→ **WHAT THE EXERCISE ASKS**
Emit a verbatim copy of the lines below from the line with "Team Losi Racing" through the line with "Angel's Christmas Party v1.1 (Vore game)", excluding pictures and everything outside that range.

→ **RECORDS FOR THE EXERCISE**
----------

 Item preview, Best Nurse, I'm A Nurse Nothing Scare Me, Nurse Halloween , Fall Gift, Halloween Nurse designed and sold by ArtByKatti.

----------

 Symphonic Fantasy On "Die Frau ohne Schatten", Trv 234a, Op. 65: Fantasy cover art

----------

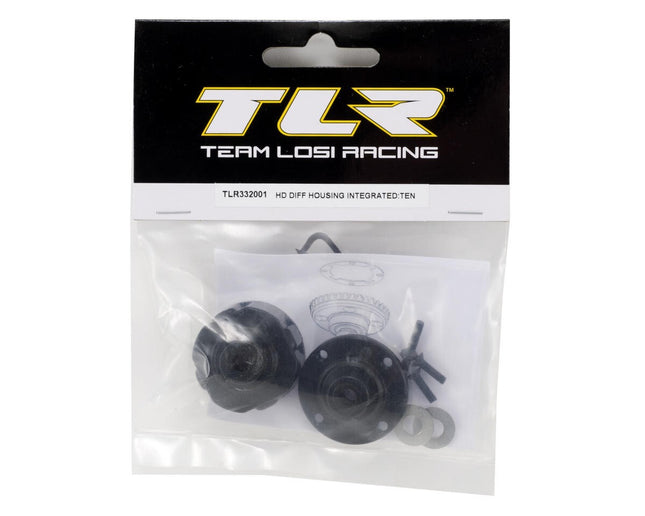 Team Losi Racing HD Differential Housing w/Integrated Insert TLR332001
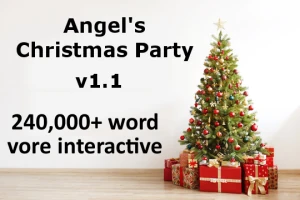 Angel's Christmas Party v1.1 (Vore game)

----------

→ **YOUR RESPONSE**
 Team Losi Racing HD Differential Housing w/Integrated Insert TLR332001
 Angel's Christmas Party v1.1 (Vore game)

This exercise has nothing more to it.